Lawmakers are expected to pass a stopgap of some kind to keep the government funded at the start of fiscal 2026 on Oct. 1 to buy Congress more time to hash out a larger funding deal for most of next year.
Both chambers are running behind in crafting their 12 annual government funding bills. The Senate has passed three across the floor so far, compared to the House’s two passed spending bills. The funding committees tasked with assembling the legislation in both chambers also have yet to send out all 12 funding proposals for floor consideration.
The batches of legislation that have come from both chambers so far arrive in sharp contrast from the other.

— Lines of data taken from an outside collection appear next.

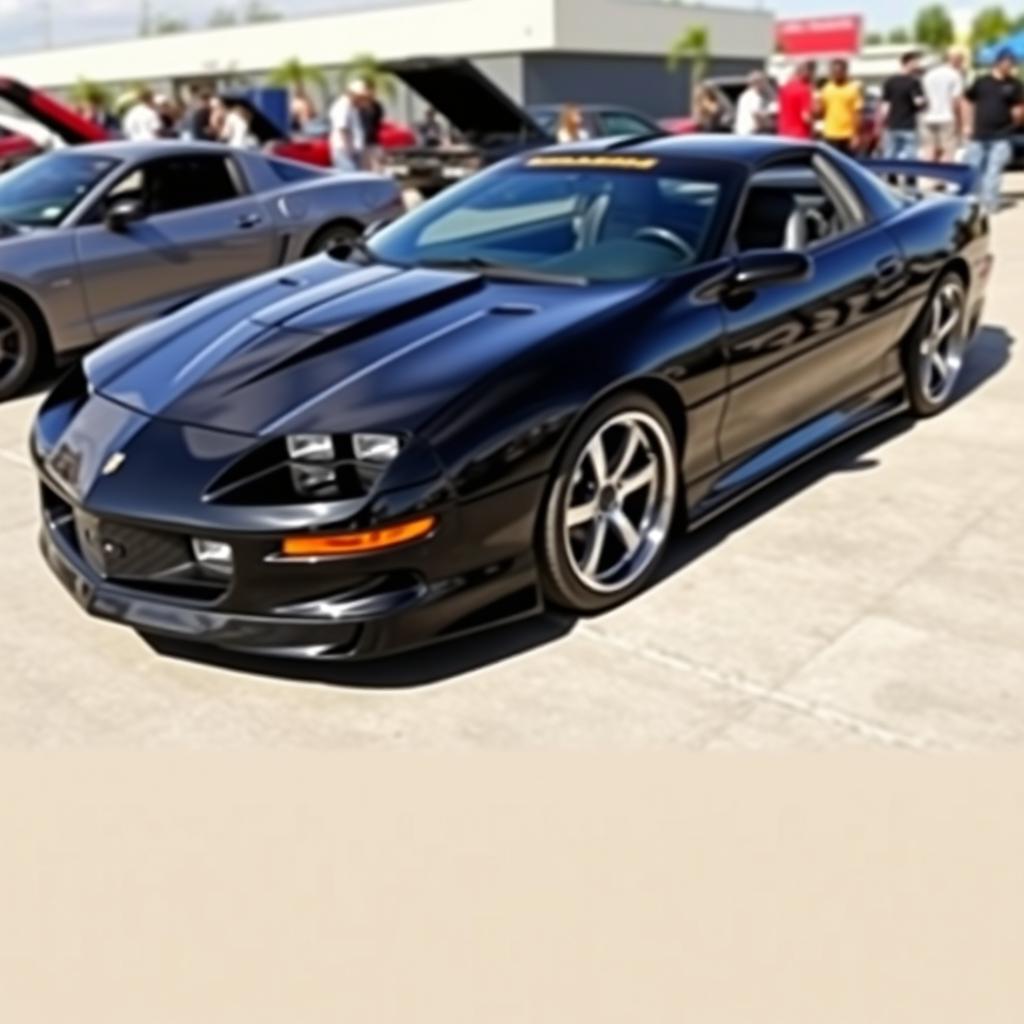 A stunning and hyper-realistic image of a black 1996 Chevrolet Camaro Z28, showcasing its modified Hurricane SS 396 package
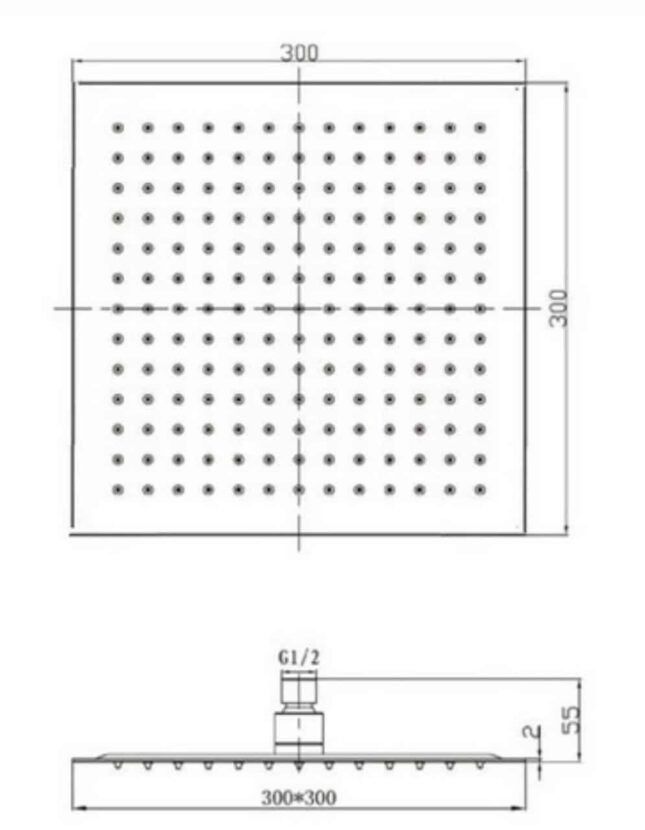Square 300mm Slimline Drench Shower Head Chrome - Image 3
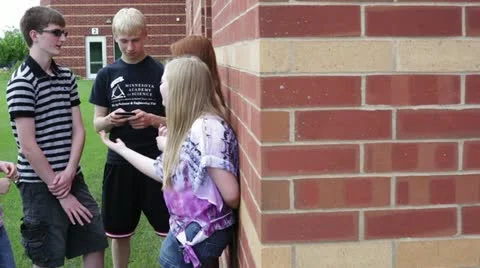 Friends outside of school Video stock 11412759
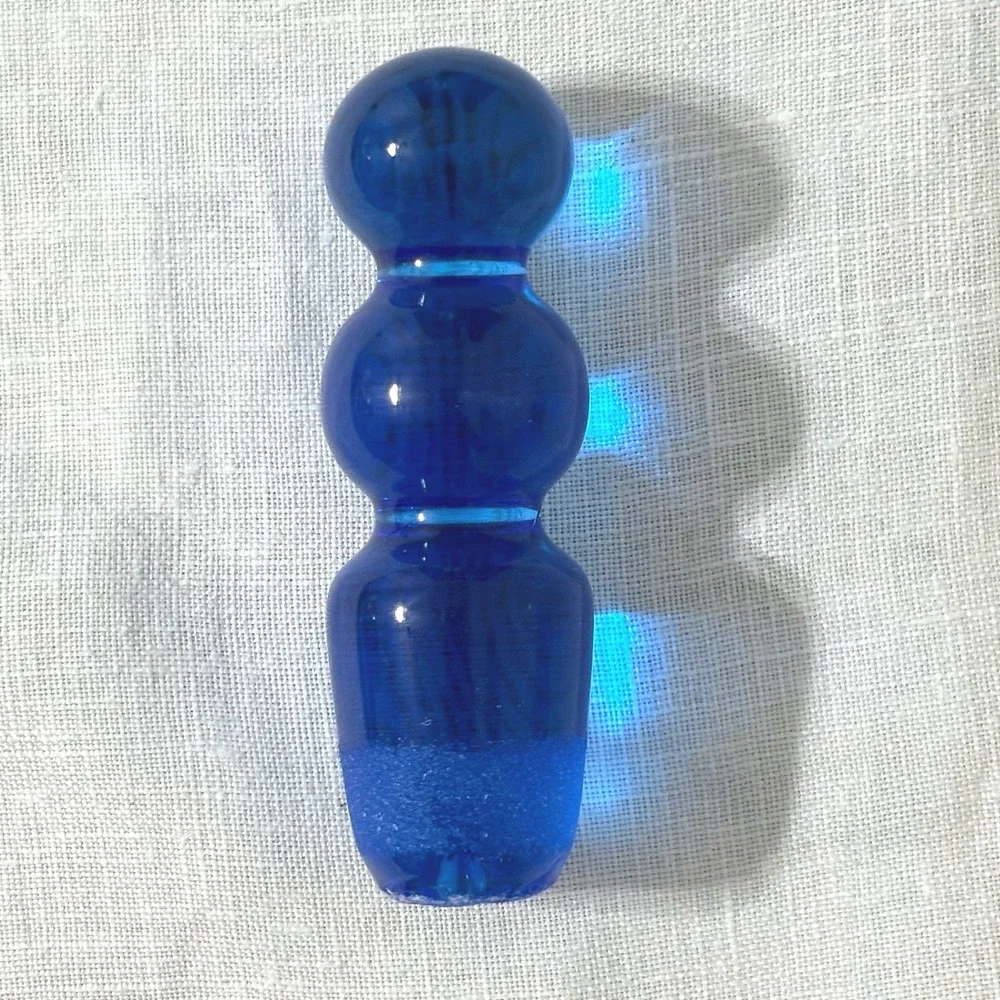 Rainbow Art Glass Cobalt Blue Crackle Glass Decanter Pitcher Triple Ball Stopper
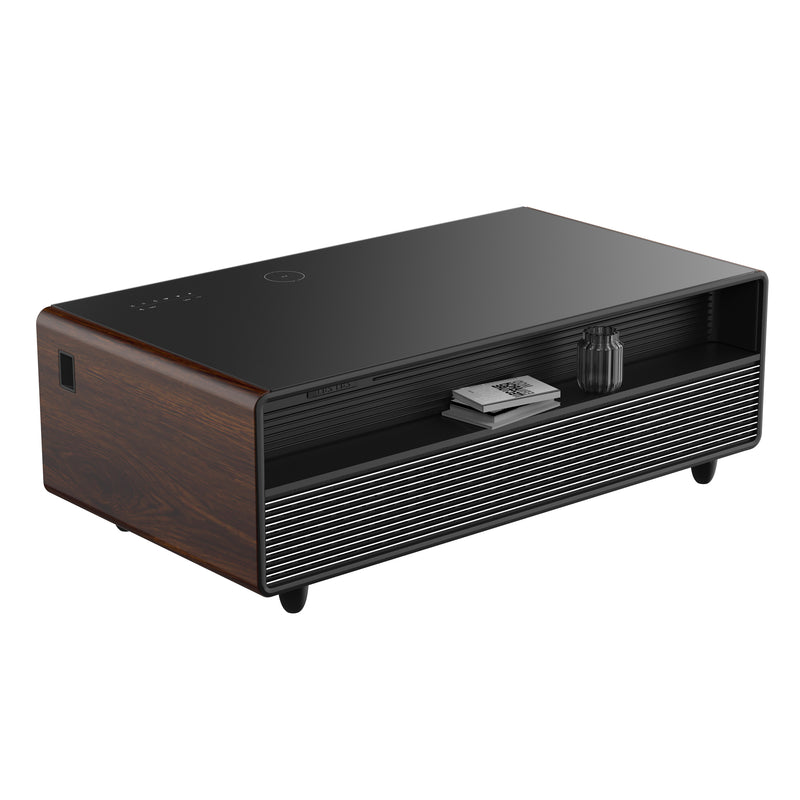 Forno Evoluto 51" Smart Coffee Table in Wood-Accent, Dual Cooling Zones, Wireless Charging, Bluetooth Speakers, FCTFR7006-51WD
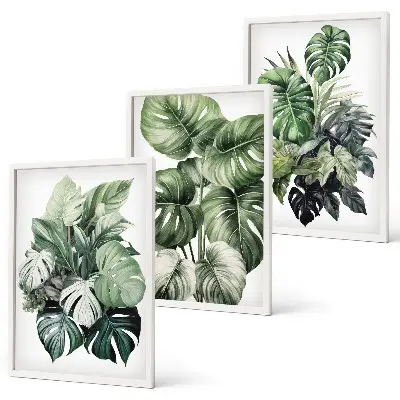 Set di 3 quadri con foglie tropicali verdi ad acquerello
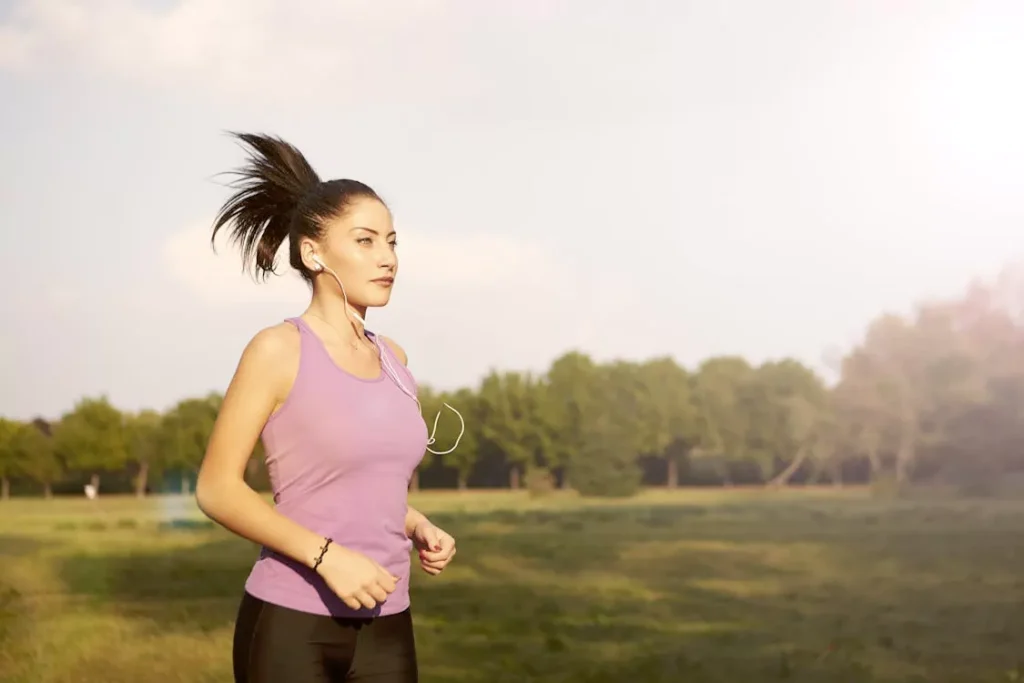 A person running while listening to music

House Republicans cut overall spending in their funding legislation below current levels, with a roughly 6 percent cut to nondefense programs, and a host of legislative riders Democrats have already decried as poison pills. The Senate bills are more bipartisan in nature, enjoying, in most cases, strong support from both sides of the aisle in committee, as Republicans acknowledge Democratic support will be necessary in the upper chamber to pass the funding legislation.
Some Democrats are pushing for the party to continue to work with Republicans to hash out their annual funding bills, viewing the bipartisan legislation as their best chance to have more input in how the government will be funded.
Democratic appropriators have also pointed to “tightened” language in some of the legislation crafted in the Senate that they have described as a way to fight back against Trump’s spending moves.
“We’re tightening in our language requirements that staffing levels at the Department of Education need to be sufficient to meet their missions and that they cannot outsource some of their key missions to other agencies or departments,” Sen. Tammy Baldwin (Wis.) — the top Democrat on the subcommittee that oversees funding for the departments of Labor, Education, and Health and Human Services — told reporters last month of the legislation she helped craft for the agencies.
“It’s to support staffing levels necessary to carry out their statutory responsibilities, including carrying out programs funded in the appropriations bill in a timely manner,” she explained. “It also includes extensive and very detailed staffing reporting requirements.”
But the Trump administration’s months-long government reshaping operation, along with a recent GOP-passed measure last month to approve some spending cuts, have weighed down the fragile bipartisan talks as tensions rise in Washington.
Before senators left for recess this month, Sen. Chris Murphy (D-Conn.), a senior appropriator, reiterated his stance to reporters on voting against bipartisan funding bills in committee this year.
“I’ve obviously been the lone ‘no’ vote in the Appropriations Committee on these budgets, because I don’t understand how we can trust that any of the agreements we make are going to be adhered to by an administration that is acting illegally every single day,” he said.
“I don’t think the bills we’re voting on are actually what’s going to happen,” he said, later asking, “How can you write a bill if they are literally just picking up money for X and using it on Y?”
This story was first posted at 6 a.m. and updated at 8:48 a.m. EDT.